Возможно, стоило бы завидовать тому, кто способен оставаться в гармонии, несмотря на все происходящее в мире, но в таком случае он бы уже мало что замечал. Ограниченность Кульмана становится особенно заметной на фоне Андреаса Грифиуса, другого религиозного немецкого поэта эпохи барокко, который писал о реальных войнах, чуме и несправедливостях. Настоящая ценность поэзии – не только для мистиков – заключается в том, чтобы, выйти за пределы себя и обратить внимание на внешний мир. Не быть переполненным собой или, грубо говоря, опьяненным собой, а стать пустым. Только тогда отдельная личность может стать зеркалом. «Даже самый великий гений не продвинется далеко, если будет черпать вдохновение исключительно из собственного внутреннего мира, – отмечал Гете. И добавлял: – А что хорошее есть в нас, если не способность и стремление привлекать к себе средства внешнего мира?» Вместо того чтобы выходить за пределы себя, Кульман настолько сосредоточился на собственной персоне, что, наоборот, мир становится для него зеркалом, точнее, экраном для проекции его внутренних образов. Он как будто сражается с ветряными мельницами. И как человек, считающий, что за ним стоят целые армии, строит грандиозные военные планы с почти стратегическими целями.

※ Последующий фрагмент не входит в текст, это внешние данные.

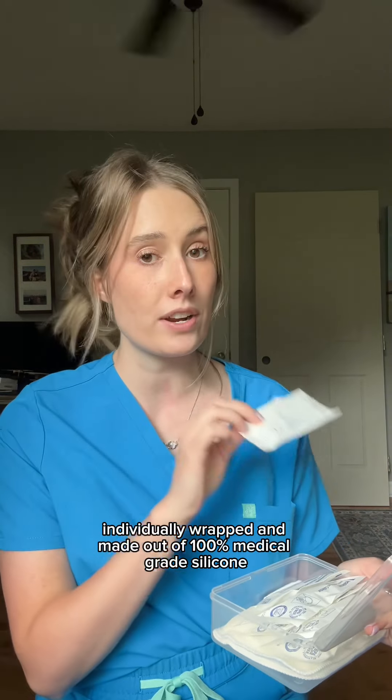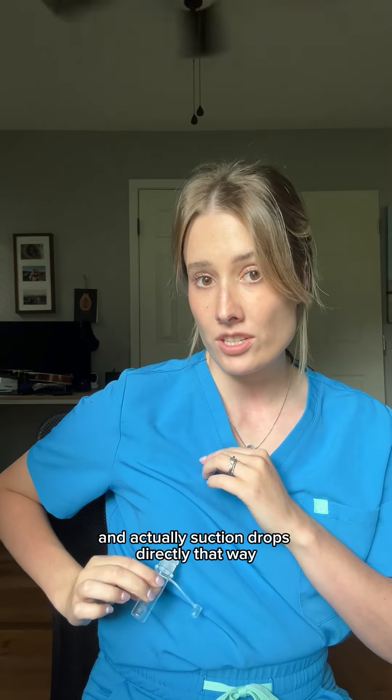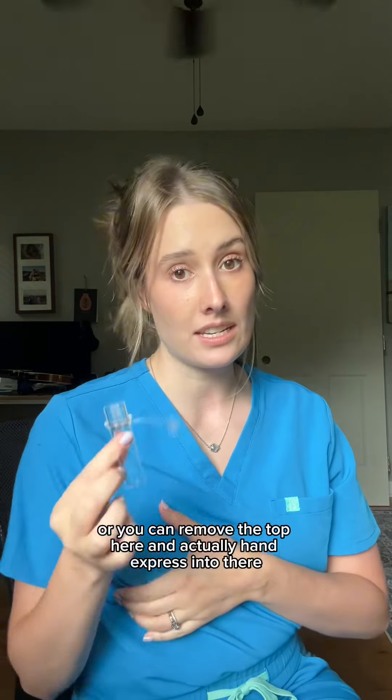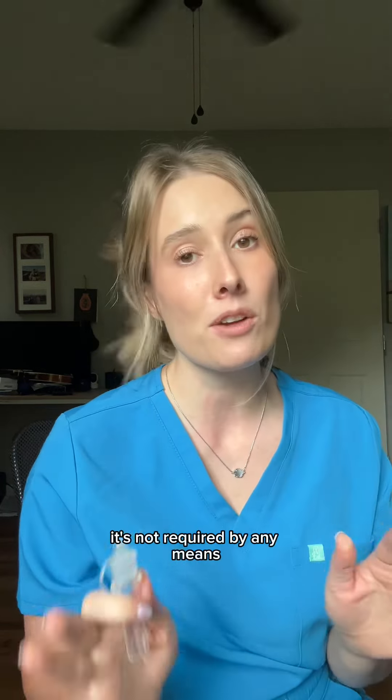There are two different ways to collect colostrum with this. You can remove the little top here and actually suction drops directly that way, or you can remove the top and hand express into it. I've had tons of patients bring in refrigerated or previously frozen breast milk.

Совершенно реальным был допрос, который ему устроили в Москве. Кульман попадает в каждую ловушку, расставленную обвинителями, чтобы уличить его в ереси, и смело повторяет, что Бог открыл ему истину, что ему являлись ангелы и что он должен был объявить новое вероучение и пришествие десяти израильских колен. Только один раз он отказывается дать ответ, который от него требовали, – когда его спрашивают о заказчиках; даже под пытками он настаивает, что действует исключительно по божественному вдохновению и никто не нанимал его для подстрекательства народа. Возможно, стоит завидовать тому, что он до последнего оставался в гармонии с собой, даже в огне. Не отрекаясь и не жалуясь, Квиринус Кульман до последнего вздоха оставался верен своей правде. Из всех немецких поэтов он единственный, кто умер на костре. В моей другой стране поэтов вешают и сегодня.